▶ **Raw data**:
++++++++++++++++++++
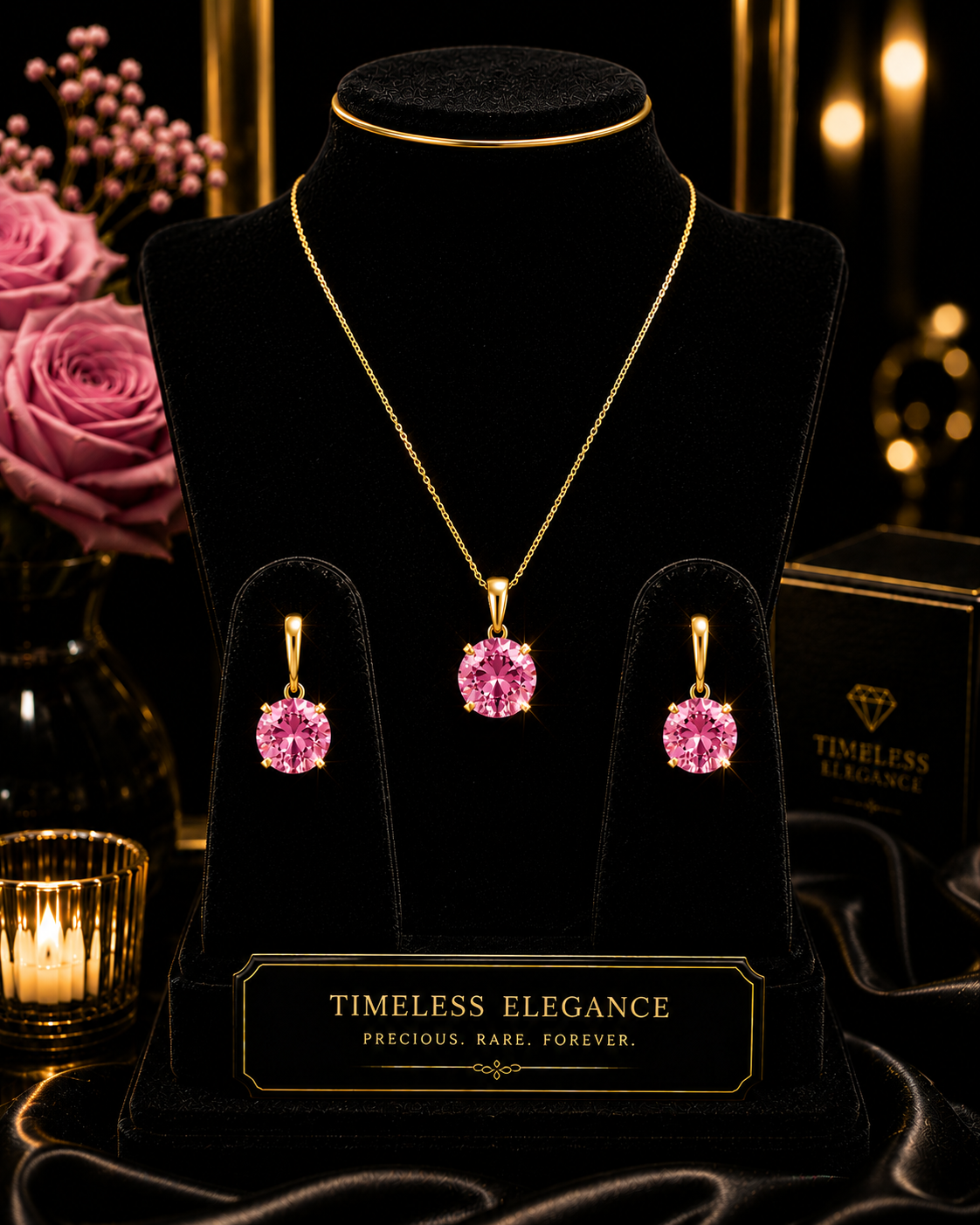 Yellow Gold Pink Topaz Pendant Hallmarked British Made All Chain Lengths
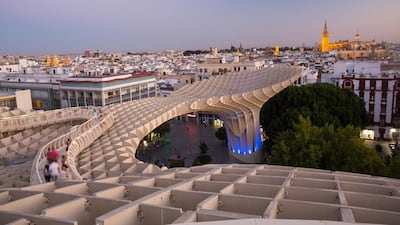 The skyline of Seville. The city is full of handsomely decorated buildings, and is also famous for its tapas and flamenco dancing. Getty Images
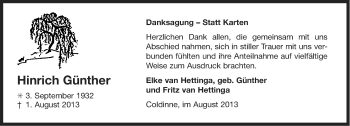 Traueranzeige von Hinrich Günther von Ostfriesischer Kurier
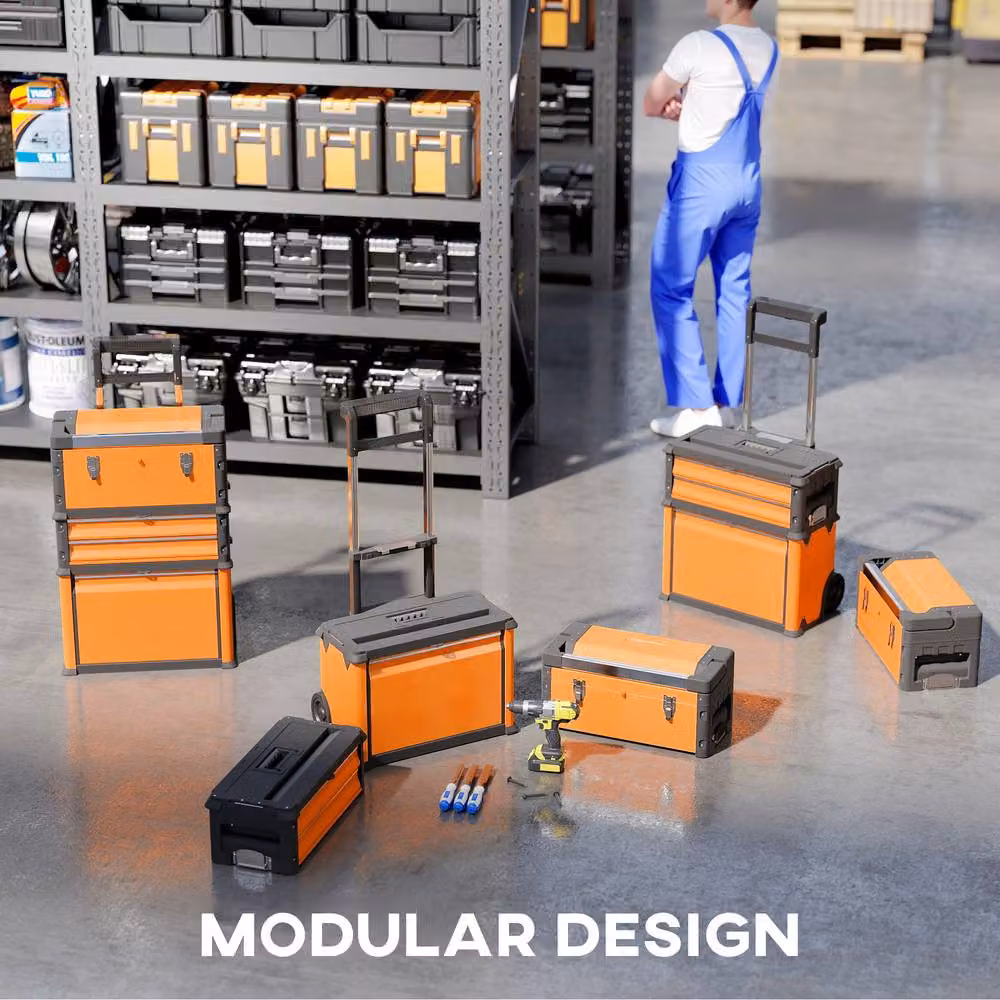 STILVORA Stackable Rolling Toolbox Organiser Set with Inserts, Orange – 4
++++++++++++++++++++
▶ **Your instructions**: Word for word, retype the material above without its pictures.

▶ **Exercise result**:
 Yellow Gold Pink Topaz Pendant Hallmarked British Made All Chain Lengths
 The skyline of Seville. The city is full of handsomely decorated buildings, and is also famous for its tapas and flamenco dancing. Getty Images
 Traueranzeige von Hinrich Günther von Ostfriesischer Kurier
 STILVORA Stackable Rolling Toolbox Organiser Set with Inserts, Orange – 4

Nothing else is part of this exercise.